Un ex-employé de la société de trading pétrolier a été condamné par un tribunal Suisse. Il a reconnu sa participation à des « pactes de corruption » lors de deals pétroliers au Congo Brazzaville. Des accusations sur le gouvernement congolais que Thierry Moungalla rejette en bloc.

L’affaire fait grand bruit au Congo Brazzaville, Pascal C de la firme pétrolière trading pétrolier a fait des aveux de corruption impliquant l’Etat congolais.
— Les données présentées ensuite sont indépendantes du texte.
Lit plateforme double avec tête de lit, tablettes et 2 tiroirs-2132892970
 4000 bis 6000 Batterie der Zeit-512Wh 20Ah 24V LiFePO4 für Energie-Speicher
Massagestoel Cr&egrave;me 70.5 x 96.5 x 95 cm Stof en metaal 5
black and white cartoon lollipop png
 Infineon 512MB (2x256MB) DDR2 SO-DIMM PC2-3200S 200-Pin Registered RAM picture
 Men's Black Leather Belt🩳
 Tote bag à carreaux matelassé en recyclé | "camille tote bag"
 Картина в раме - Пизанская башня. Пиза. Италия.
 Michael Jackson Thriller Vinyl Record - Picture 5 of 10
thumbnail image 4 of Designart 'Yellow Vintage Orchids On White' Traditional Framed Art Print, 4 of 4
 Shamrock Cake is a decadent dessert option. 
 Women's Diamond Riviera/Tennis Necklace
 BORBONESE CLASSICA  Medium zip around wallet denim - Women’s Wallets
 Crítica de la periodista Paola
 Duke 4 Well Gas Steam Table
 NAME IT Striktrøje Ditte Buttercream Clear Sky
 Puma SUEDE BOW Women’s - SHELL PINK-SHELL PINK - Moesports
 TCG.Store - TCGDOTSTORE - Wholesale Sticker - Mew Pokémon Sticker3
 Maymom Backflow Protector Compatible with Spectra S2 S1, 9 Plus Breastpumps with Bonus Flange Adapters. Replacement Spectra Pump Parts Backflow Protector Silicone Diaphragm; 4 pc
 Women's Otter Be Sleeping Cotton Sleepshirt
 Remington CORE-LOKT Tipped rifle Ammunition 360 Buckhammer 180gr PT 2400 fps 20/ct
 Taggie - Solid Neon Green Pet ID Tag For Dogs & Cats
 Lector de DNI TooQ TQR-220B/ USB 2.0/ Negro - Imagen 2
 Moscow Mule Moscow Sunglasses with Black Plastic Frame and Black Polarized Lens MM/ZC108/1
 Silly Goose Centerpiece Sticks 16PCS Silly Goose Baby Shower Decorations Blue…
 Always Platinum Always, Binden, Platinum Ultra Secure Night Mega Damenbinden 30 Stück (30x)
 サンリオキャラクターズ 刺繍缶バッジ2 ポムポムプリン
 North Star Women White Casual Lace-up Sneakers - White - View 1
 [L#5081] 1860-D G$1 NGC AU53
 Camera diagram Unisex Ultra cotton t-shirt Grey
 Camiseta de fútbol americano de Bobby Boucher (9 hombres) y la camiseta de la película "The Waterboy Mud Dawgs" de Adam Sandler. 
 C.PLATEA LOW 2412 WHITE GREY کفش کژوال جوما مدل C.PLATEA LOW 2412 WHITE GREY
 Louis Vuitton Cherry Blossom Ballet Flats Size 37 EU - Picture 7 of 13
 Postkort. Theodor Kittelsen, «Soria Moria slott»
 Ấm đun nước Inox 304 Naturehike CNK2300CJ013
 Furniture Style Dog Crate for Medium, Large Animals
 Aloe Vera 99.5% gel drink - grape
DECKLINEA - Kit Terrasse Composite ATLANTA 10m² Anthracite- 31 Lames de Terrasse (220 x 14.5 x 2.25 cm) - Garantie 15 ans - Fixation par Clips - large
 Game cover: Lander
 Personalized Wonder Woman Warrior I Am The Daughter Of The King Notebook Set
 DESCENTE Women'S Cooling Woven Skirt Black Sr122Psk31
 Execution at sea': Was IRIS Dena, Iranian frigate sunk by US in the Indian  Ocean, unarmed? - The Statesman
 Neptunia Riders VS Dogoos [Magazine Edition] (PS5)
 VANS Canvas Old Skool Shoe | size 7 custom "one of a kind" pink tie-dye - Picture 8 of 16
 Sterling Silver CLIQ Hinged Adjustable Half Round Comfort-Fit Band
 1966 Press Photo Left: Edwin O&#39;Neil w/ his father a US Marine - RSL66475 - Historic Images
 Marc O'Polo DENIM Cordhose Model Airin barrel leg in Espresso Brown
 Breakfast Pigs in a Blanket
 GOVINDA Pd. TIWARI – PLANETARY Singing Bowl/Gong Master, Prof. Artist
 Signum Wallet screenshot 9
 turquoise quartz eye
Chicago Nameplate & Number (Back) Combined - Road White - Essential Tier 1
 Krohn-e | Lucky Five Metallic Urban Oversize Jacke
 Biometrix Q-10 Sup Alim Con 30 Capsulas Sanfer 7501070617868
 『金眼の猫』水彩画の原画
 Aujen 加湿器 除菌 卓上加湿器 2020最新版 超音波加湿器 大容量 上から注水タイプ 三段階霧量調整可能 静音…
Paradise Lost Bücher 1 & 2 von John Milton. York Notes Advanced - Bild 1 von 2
Celui qui a été condamné ce mardi 28 août à 18 mois de prison avec sursis par un tribunal Suisse a mis en cause les plus hautes autorités congolaises dans cette affaire de corruption dans l’industrie pétrolière.

Concrètement, il a reconnu avoir versé les pots-de-vin au Congo et en Côte d’Ivoire. Une corruption qui éclabousse le clan du président congolais Sassou Nguesso, d’après la justice suisse. « Des accusations mensongères », répond le ministre de la Communication et porte-parole du gouvernement.  Thierry Moungalla a tenu à défendre l’honneur du Congolais.


« On a une affaire totalement étrangère à la République du Congo puisqu’il s’agit d’un ex-employé d’une société de trading pétrolier qui, pour des raisons qui sont totalement étrangères à la République du Congo, sont en litige, déclare-t-il. Apparemment, cet ex-employé qui peinait à justifier probablement des sommes d’argent qu’il a dissipées, aurait, pour négocier peut-être une peine plus clémente puisqu’il est condamné avec sursis, décidé de balancer de manière inconsidérée des noms de hautes personnalités notamment du Congo qui n’ont rien à voir avec et le litige qui l’oppose à son employeur et quelques transactions litigieuses que ce soient ».

Il poursuit : « Le fond de l’affaire ne nous intéresse pas parce qu’aucune autorité congolaise n’est impliquée ni concernée par le trading pétrolier, poursuit Thierry Moungalla. Nous constatons une volonté de salir les plus hautes autorités de notre pays. Le gouvernement du Congo se réserve à présent la possibilité pour chaque mise en cause non étayée par des preuves ou des éléments matériels, d’engager au nom des autorités concernées, le chef de l’Etat comme d’autres autorités constituées, les poursuites judiciaires nécessaires ».